Strip Clubs Say Reno Discriminates Against Female Dancers

RENO, Nev. (CN) — Shaking your assets in Reno requires a work card for women but not for men, and that’s unconstitutional, owners of three strip clubs claim in Federal Court.

Discopolus, dba the Wild Orchid and Fantasy Girls, and Diamond Dolls of Nevada, dba the Spice House, say Reno and its business relations manager unfairly target women dancers in the adult clubs.

Discopolus says in the Monday lawsuit that even when women dance only topless and do not show their buttocks, Reno requires them to obtain work cards. The city does not require men to get work cards when they do not show their buttocks dancing in male revues, Discopolus says.
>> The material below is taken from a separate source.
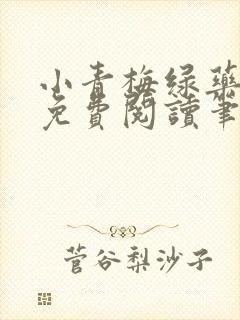 小青梅绿药全文免费阅读笔趣阁封面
The strip clubs say their female dancers perform similar work to the male dancers in revues, but “only female performers pay the fees, register and obtain work cards” in accordance with local law.

The strip clubs say city officials require them to limit their audiences to people 21 and over, while male revues can serve alcohol and admit patrons younger than 18.
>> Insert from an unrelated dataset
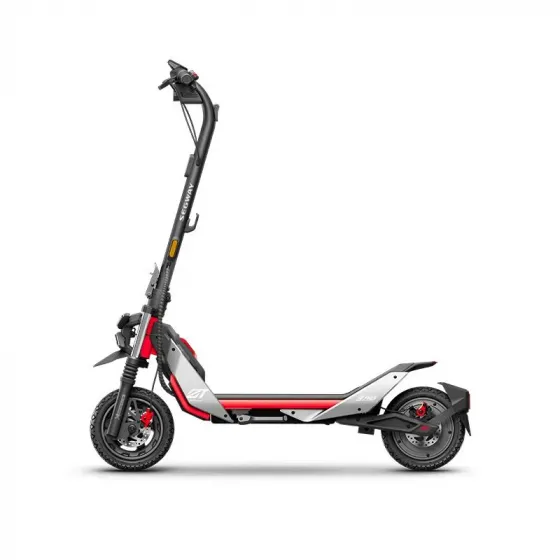 Electric scooter Segway Ninebot ZT3 Pro Tbilisi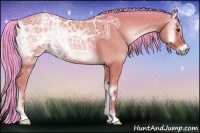 Horse Color:Watercolor Bay Ice Onyx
The city requires female dancers at strip clubs to pay a $191.50 fee, submit fingerprints, work history and undergo an FBI criminal background check before working, but not male dancers in revues, the clubs say.
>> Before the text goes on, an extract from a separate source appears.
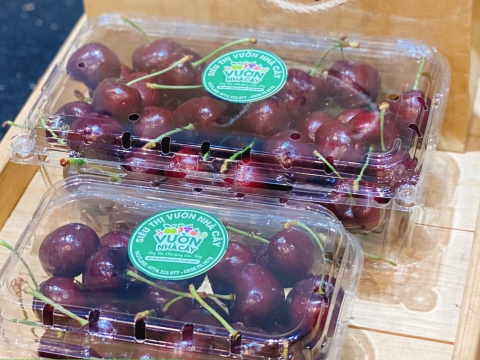 4 lý do bạn nên lựa chọn hộp nhựa đựng cherry nhà RVC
They claim Reno Business Relations Manager Michael Chaump applies local laws “only to female exotic dancers and the businesses where they perform and not to male exotic dancers and the businesses where they perform.”

The clubs call the process a violation of the First Amendment and equal protection. They ask the court to enjoin enforcement unless male dancers and revues are subject to the same regulations.

City officials could not be reached by telephone after work hours Tuesday, and Reno communications manager Matt Brown did not immediately respond to an email seeking comment.

The strip clubs are represented by Mark Thierman, with Thierman Buck, who could not be reached for comment Tuesday night.